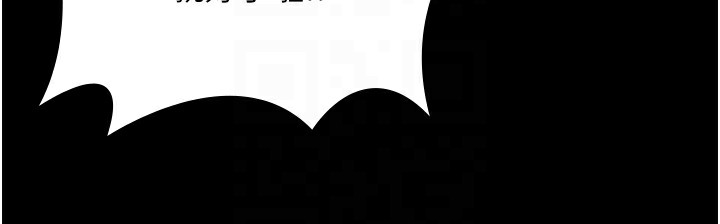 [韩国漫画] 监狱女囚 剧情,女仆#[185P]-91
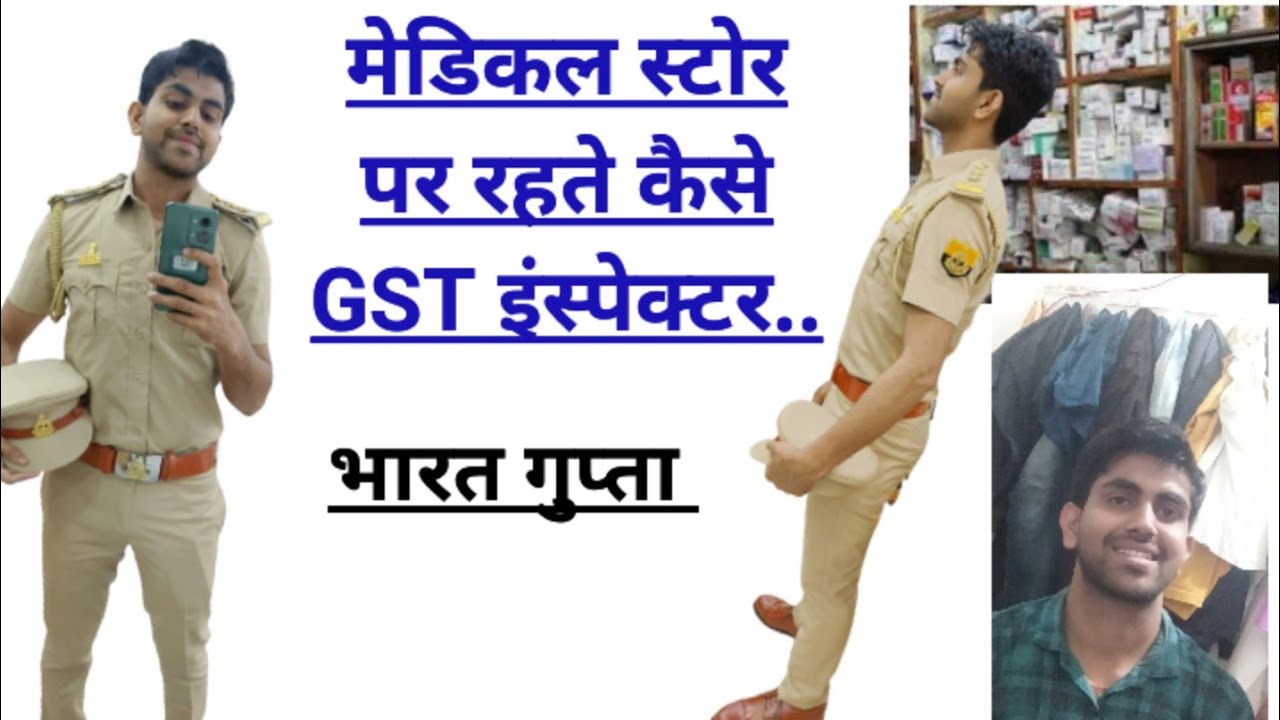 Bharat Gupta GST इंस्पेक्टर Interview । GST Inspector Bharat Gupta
--
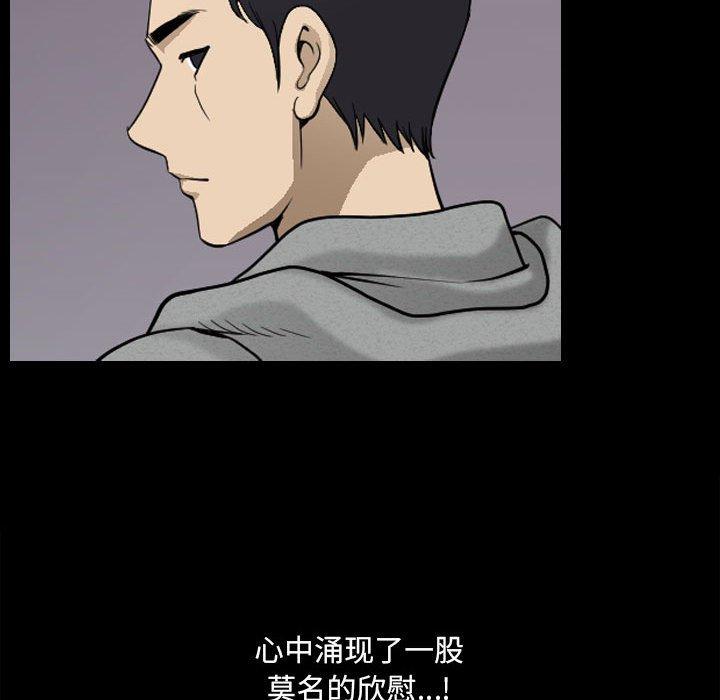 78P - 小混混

- [Work to be completed] Could you write out exactly the lines of the data above that run from the one holding "[韩国漫画] 监狱女囚 剧情,女仆#[185P]-91" to the one holding "Bharat Gupta GST", with both ends in and all pictures out?

- [Task solution]
 [韩国漫画] 监狱女囚 剧情,女仆#[185P]-91
 Bharat Gupta GST इंस्पेक्टर Interview । GST Inspector Bharat Gupta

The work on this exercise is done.